===== TASK MATERIAL =====
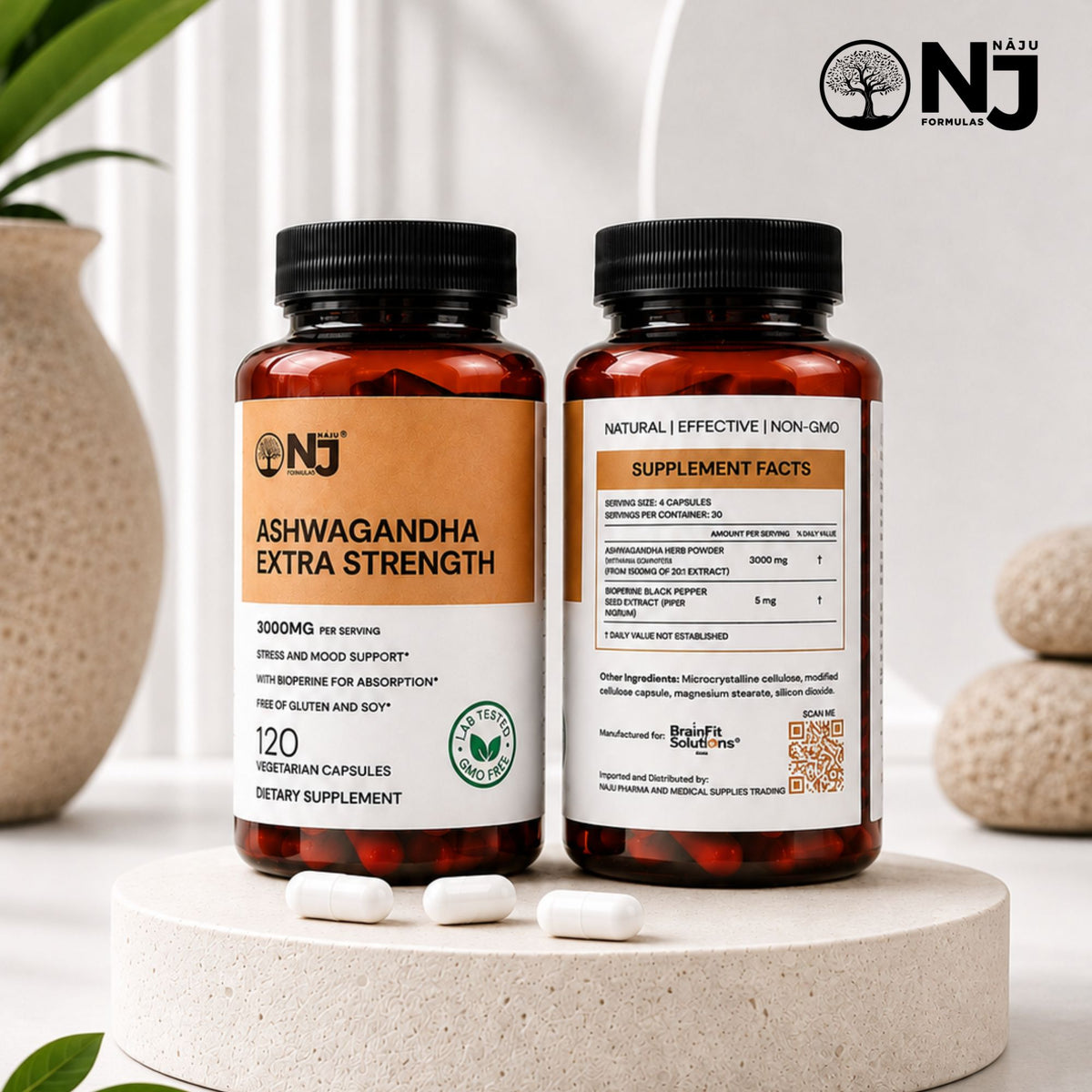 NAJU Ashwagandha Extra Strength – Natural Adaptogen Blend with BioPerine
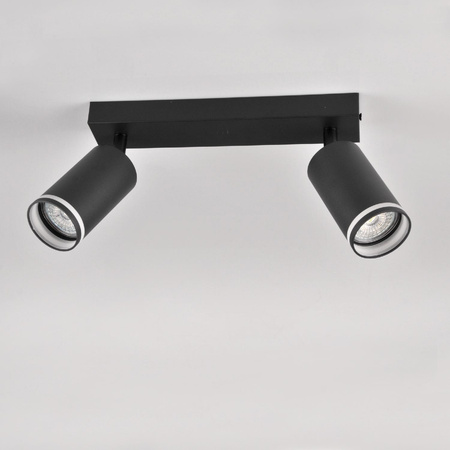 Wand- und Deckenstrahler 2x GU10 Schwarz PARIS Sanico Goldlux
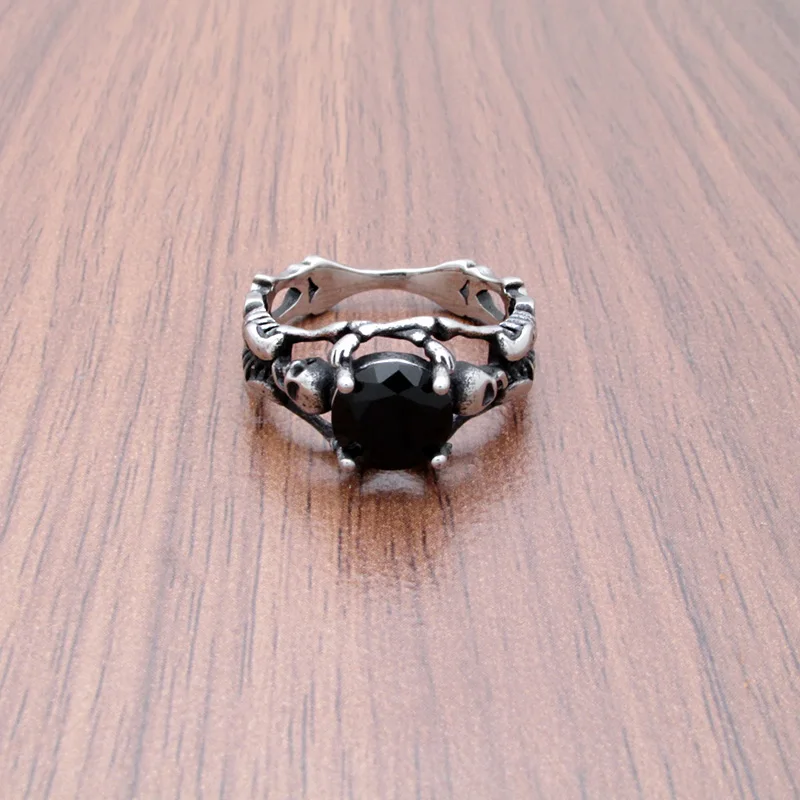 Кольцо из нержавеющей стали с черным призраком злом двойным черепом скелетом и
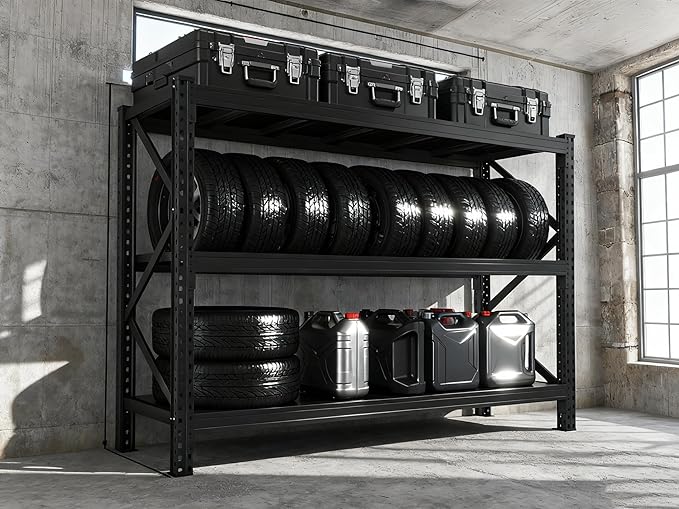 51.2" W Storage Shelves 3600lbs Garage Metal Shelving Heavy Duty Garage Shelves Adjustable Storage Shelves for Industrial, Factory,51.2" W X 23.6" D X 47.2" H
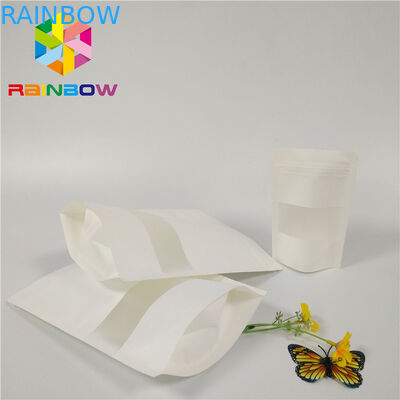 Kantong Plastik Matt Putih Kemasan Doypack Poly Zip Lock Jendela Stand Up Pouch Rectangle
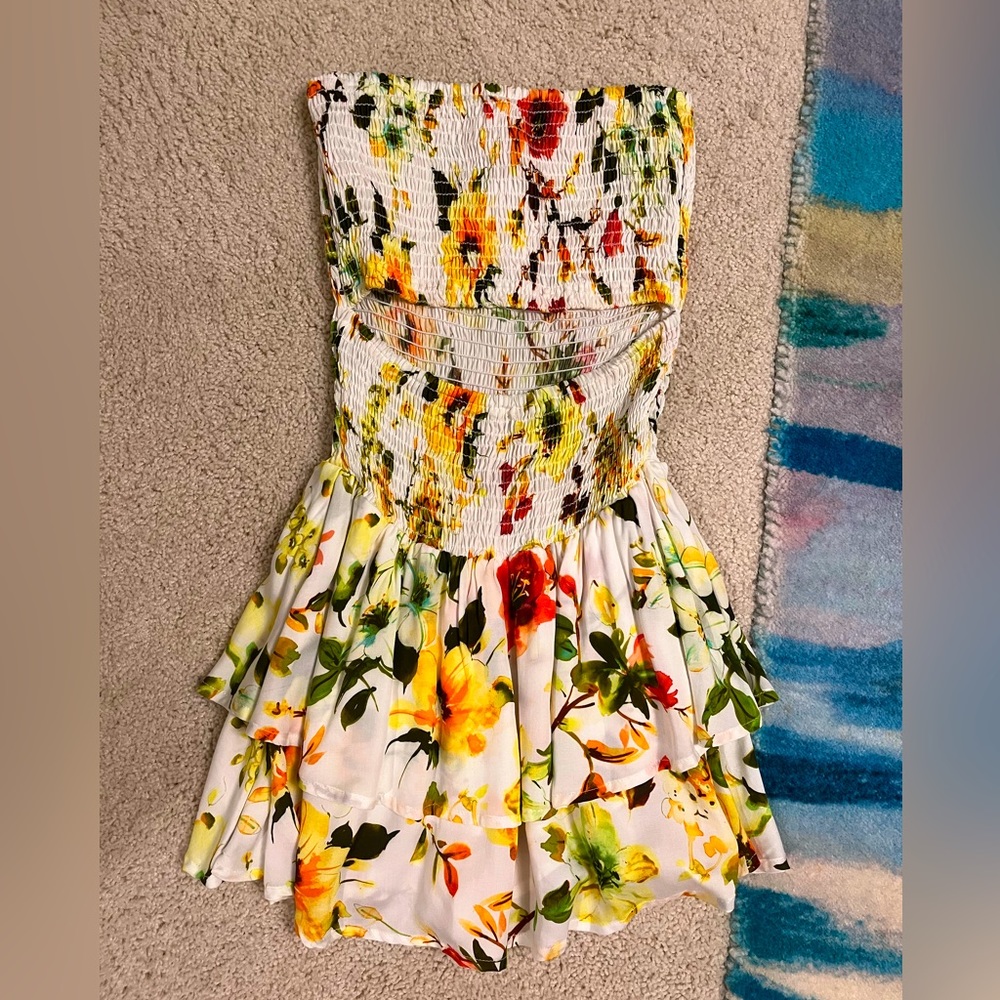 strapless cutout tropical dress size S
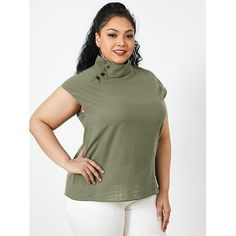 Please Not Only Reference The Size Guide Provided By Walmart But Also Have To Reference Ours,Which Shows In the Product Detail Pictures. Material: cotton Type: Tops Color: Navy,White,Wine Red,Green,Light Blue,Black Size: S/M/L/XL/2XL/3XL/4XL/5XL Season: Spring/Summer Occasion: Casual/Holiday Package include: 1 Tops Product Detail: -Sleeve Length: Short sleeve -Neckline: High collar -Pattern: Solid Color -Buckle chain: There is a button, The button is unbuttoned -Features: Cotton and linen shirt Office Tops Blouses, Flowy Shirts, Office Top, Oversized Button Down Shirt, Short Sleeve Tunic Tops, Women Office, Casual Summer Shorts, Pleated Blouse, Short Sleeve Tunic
=====
WHAT TO PRODUCE:
What is needed is an exact copy of each line from the top of the data above through the line containing "strapless cutout tropical dress size S", with no pictures.

OUTPUT:
 NAJU Ashwagandha Extra Strength – Natural Adaptogen Blend with BioPerine
 Wand- und Deckenstrahler 2x GU10 Schwarz PARIS Sanico Goldlux
 Кольцо из нержавеющей стали с черным призраком злом двойным черепом скелетом и
 51.2" W Storage Shelves 3600lbs Garage Metal Shelving Heavy Duty Garage Shelves Adjustable Storage Shelves for Industrial, Factory,51.2" W X 23.6" D X 47.2" H
 Kantong Plastik Matt Putih Kemasan Doypack Poly Zip Lock Jendela Stand Up Pouch Rectangle
 strapless cutout tropical dress size S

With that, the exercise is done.